If you can finish your masters and get a degree from a UK university, it will be MUCH easier for you to qualify for a work visa than if you just quit the masters (in fact, it's likely to be next to impossible to qualify for a work visa without completing your masters).
Without a UK degree, you won't be able to get sponsorship unless:
a) the job is listed on the skills shortage list (usually these are higher-up, management-level jobs for people with several years of experience)
or
b) the UK company has advertised the job across the UK and entire EU for a certain amount of time and have found no suitable candidates for the job (the Resident Labour Market Test). With unemployment still high and 500 million people in the EU, this can be almost impossible.
But if you have a degree from a UK university and you are still in the UK on a valid Tier 4 visa once you have finished the degree, you don't have to meet either of these requirements.
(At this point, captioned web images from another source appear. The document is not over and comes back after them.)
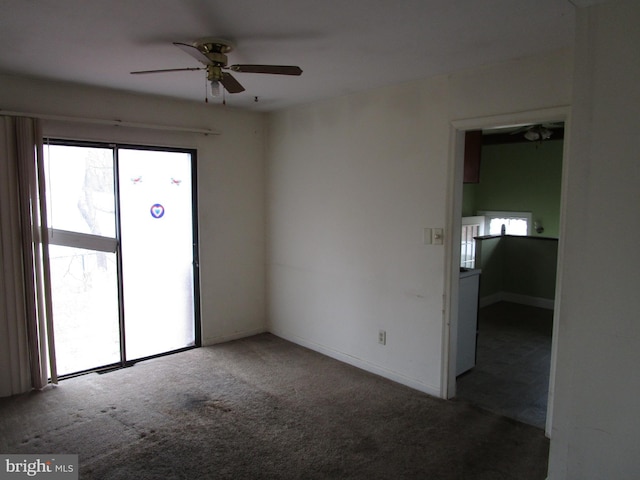 spare room with carpet flooring, a ceiling fan, and baseboards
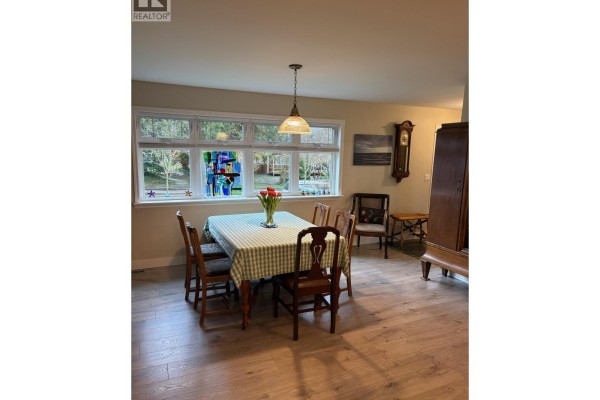 Shower area with glass enclosure, tiled walls, and built-in shelves for toiletries. - 5702 Medusa Street, Sechelt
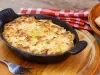 Em cima de uma mesa, refratário preto com queijo gratinado.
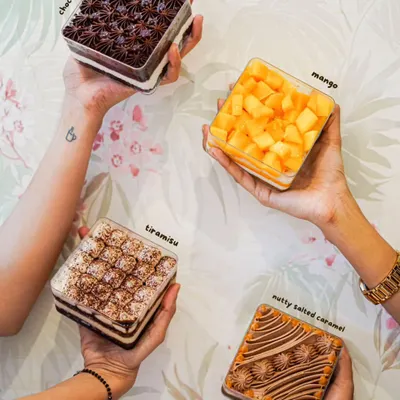 Our cake tubs are perfect for a party of one. Here are four of our most popular eggless flavors: Choco Raspberry, seasonal Mango, classic Tiramisu, and Nutty Salted Caramel.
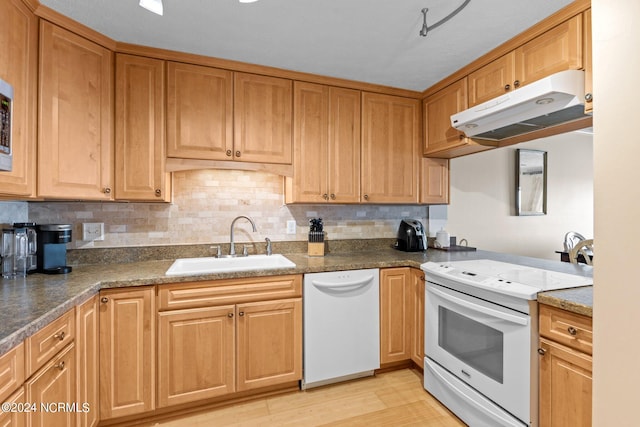 kitchen featuring light wood-type flooring, sink, decorative backsplash, white appliances, and dark stone countertops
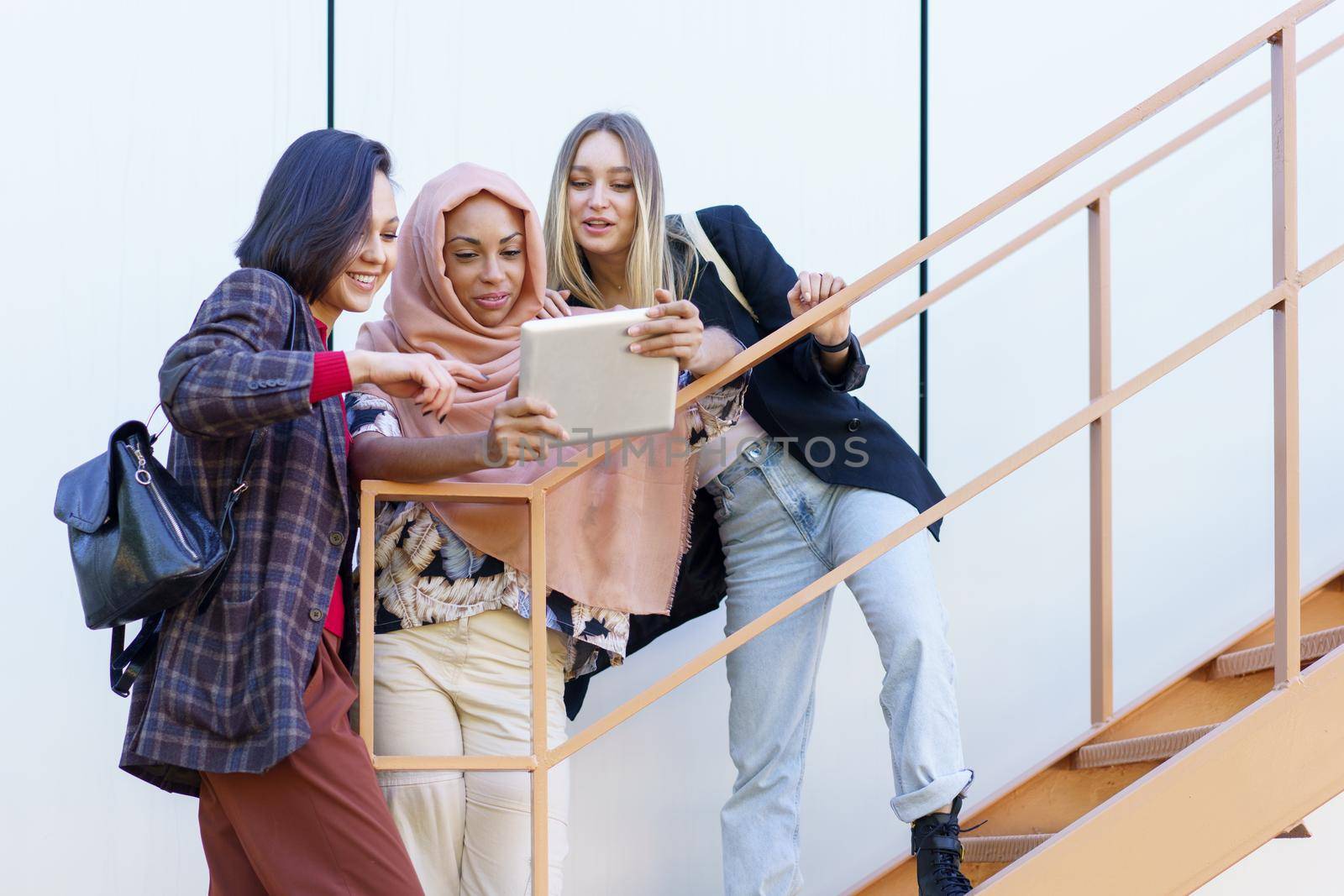 Confident young multiracial women smiling and sharing tablet standing on metal staircase on street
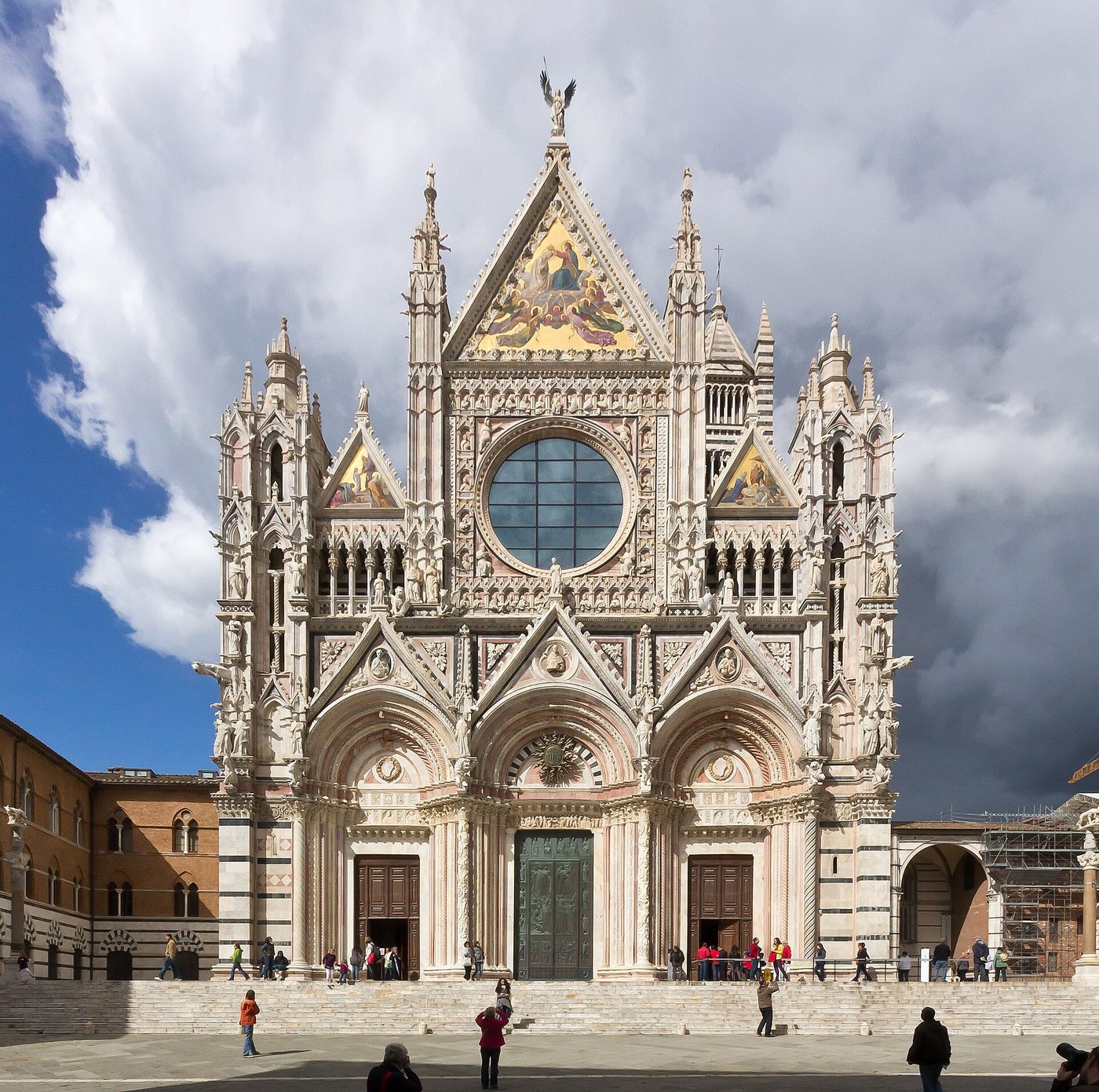 The striped marble facade of Siena Cathedral in Tuscany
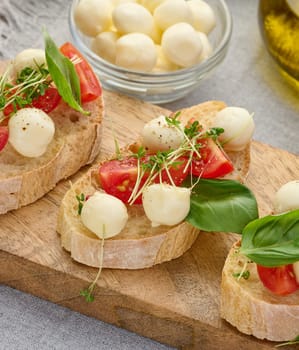 Round mozzarella, cherry tomatoes and microgreens on a piece of white bread, a healthy sandwich, close up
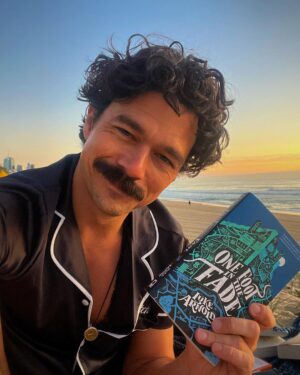 Luke Arnold Instagram - Up at sunrise to read books on the beach in my pjs. If you haven’t jumped over to my Tiktok yet, what are you doing? The First Page Pajama Party has hit the road 📚

(Outfit courtesy of @midnightmischiefsleepwear)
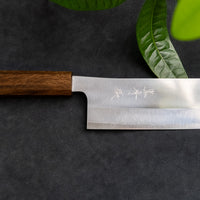 Kurosaki Nakiri from the Gekko line is another uniquely looking blade from the hands of a talented young master blacksmith Yu Kurosaki. The minimalistic, lightweight blade is treated to a high polish. The secret of this knife lies in a new VG-XEOS steel (61 HRC), which has excellent resistance to wear and corrosion.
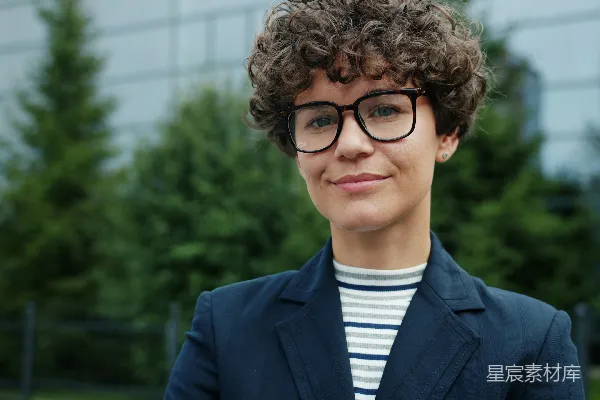 高清摄影 一个有着卷发和戴眼镜的女人微笑着。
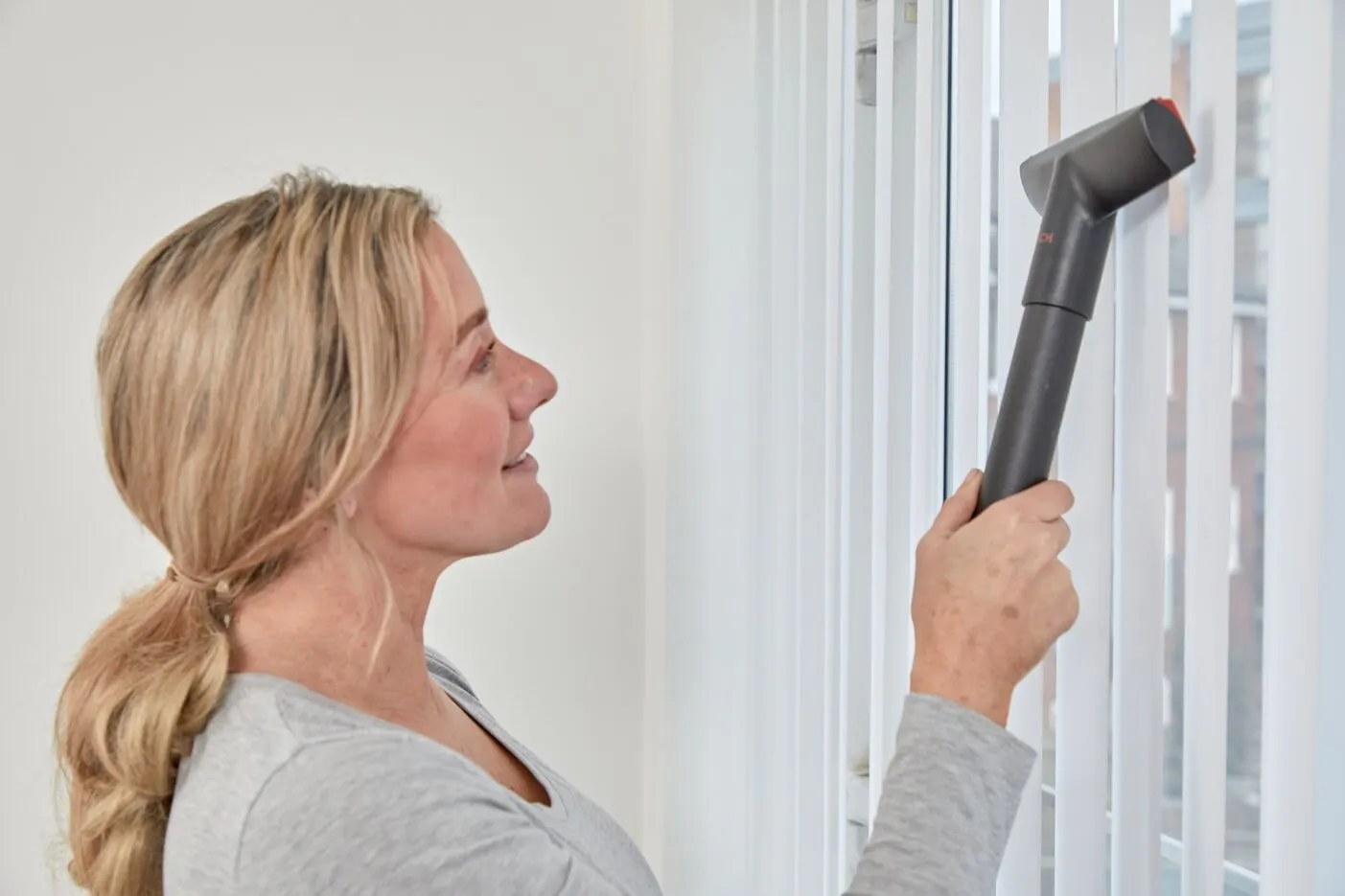 A woman vacuum cleans hanging blinds.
The company can sponsor you WITHOUT the job needing to be on the shortage list and WITHOUT needing to pass the Resident Labour Market test.
Also, if you haven't finished your degree yet, I believe you will have to return to the US to apply for a work visa - as I understand it you can't switch from a Tier 4 visa to a Tier 2 work visa in-country if you don't have a UK degree.
See:
https://www.gov.uk/tier-2-general/switch-to-this-visaand
http://www.ukcisa.org.uk/International-Students/The-next-stage/Working-after-your-studies/Employment-Tier-2/Resident-Labour-Market-Test-and-exemptions/Alternatively, you mentioned in a previous post that you have an Irish boyfriend - if you were to marry him and apply for an EEA 5-year residence card, you wouldn't need to be sponsored for a work visa at all - you would have the right to live and work in the UK, in any job you like, without needing a work visa.